Some teachers don’t know how to handle a student who behaves aggressively, she says, or understand that the behavior might be because of violence the student is experiencing outside school.

She says many teachers seem to “fear” the students, and she thinks it’s partially because many of the teachers aren’t from Oakland and haven’t spent a lot of time in the community. “It shouldn’t matter where they’re from, but there’s more of a relationship if they’re from the same area,” she says.

Woods spoke Wednesday at a community roundtable in Oakland, one of about 200 parents and students who attended the forum to share their input with state and local education officials on how money should be spent in Oakland. Organized by The California Endowment as part of its School Success Express Tour, this was the eighth of twelve forums to be held around the state.

Over the next eight years in California, the state’s new Fair School Funding law (also known as the Local Control Funding Formula) will bring nearly $170 million in increased funding to Oakland Unified, where some 80 percent of students are either low income, designated English Learners or foster youth. These high need students are the intended recipients of the additional funding.

And while the law requires individual schools and parents to have more say in how the money will be spent, proposed regulations set ot be heard by the State Board of Education this week interpreting key portions of the law would give districts increased flexibility in how they spend the new funds. Advocates of disadvantaged students say the increased flexibility would come at the cost of ensuring the funds go to the students they are intended for.

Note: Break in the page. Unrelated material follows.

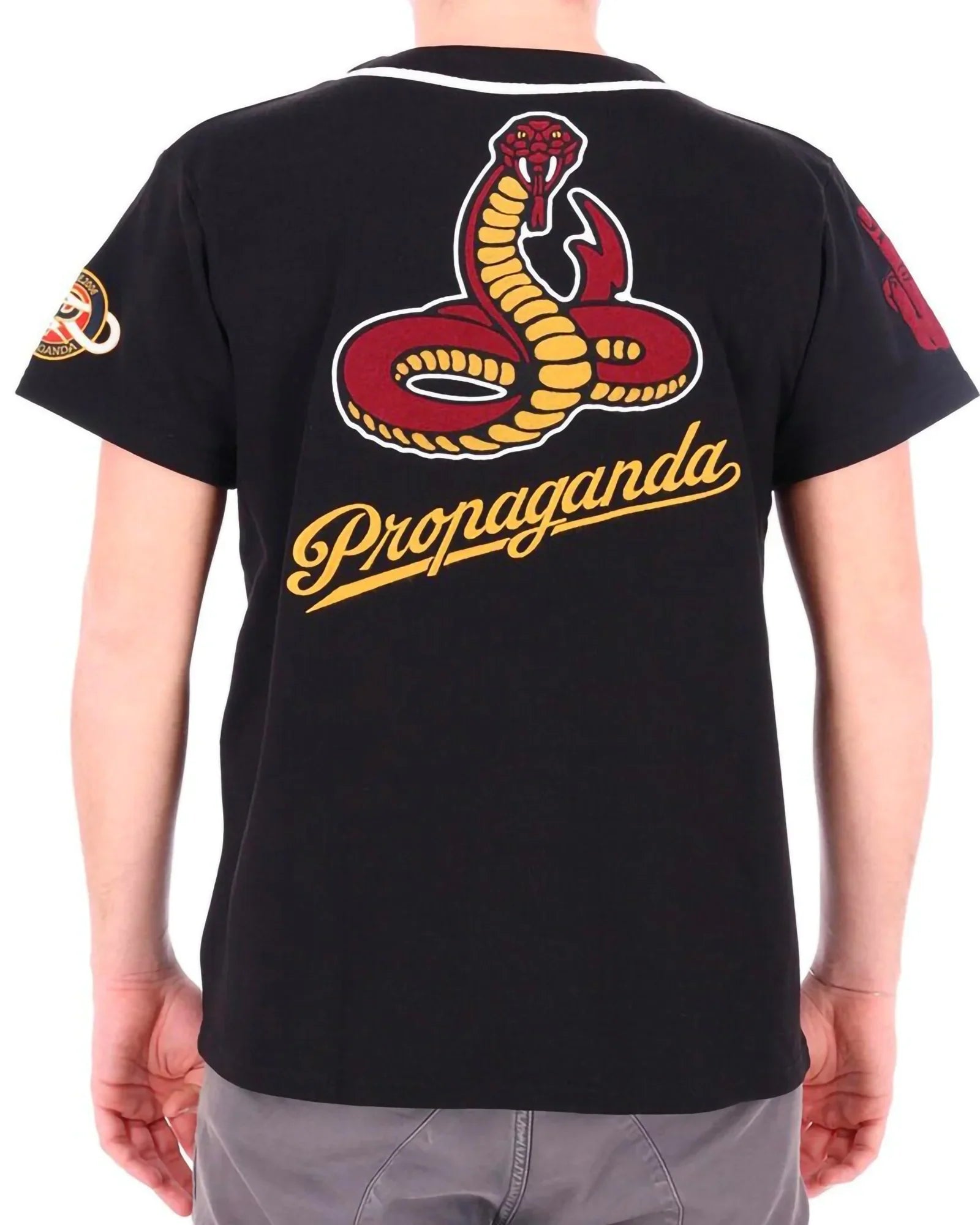 Propaganda Baseball Jersey Patch Black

“I hope they don’t forget these inner-city kids,” Woods says of school officials making funding decisions. “For some reason the world always seems to forget. These are kids who become loyal, working citizens. Imagine if they had the education.”

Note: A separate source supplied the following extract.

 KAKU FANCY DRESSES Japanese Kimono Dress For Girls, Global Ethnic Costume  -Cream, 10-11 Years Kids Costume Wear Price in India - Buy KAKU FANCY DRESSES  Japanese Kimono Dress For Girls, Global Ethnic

“Give them the same benefits as others. That’s something that’s never been done,” she says.

Elizabeth Devora, another parent at the forum, has three children attending schools in the district. Like Woods, her primary concern is making sure that teachers are adequately prepared.

Devora says that at her son’s previous school, she was in frequent communication with his teacher, and the teacher repeatedly told her that her son was doing well. But then when his report card arrived, Devora discovered that he had failed all of his classes.

Devora primarily speaks Spanish and her son’s teacher at the time did not; a translator wasn’t made available, which Devora thinks was part of the problem.

Now, when she asks her son’s teachers what needs to be done, they tell her that her son “needs motivation.” When she asks her son what’s wrong, he says that he wants to be able to play sports. At his current school, Devora says, there’s no athletic program.

She thinks the teachers need to be better prepared with strategies for engaging kids, and the schools need to offer more extracurricular activities. “I don’t want children to have to go through this, my own kids or others,” she says.

Akua Jackson, the executive director of Youth Together, an Oakland-based community organization that advocates for better conditions in schools, is most concerned about the lack of transparency in the way financial decisions are made that affect Oakland Unified. “After so many years of disinvestment, it’s easier to [continue to] disinvest than to figure out how to fix this,” she says of the district’s inadequate resources.

But for her, the community forum is a step in the right direction.

“[It’s] not just experts in a room somewhere,” she said, “but parents and students being engaged.”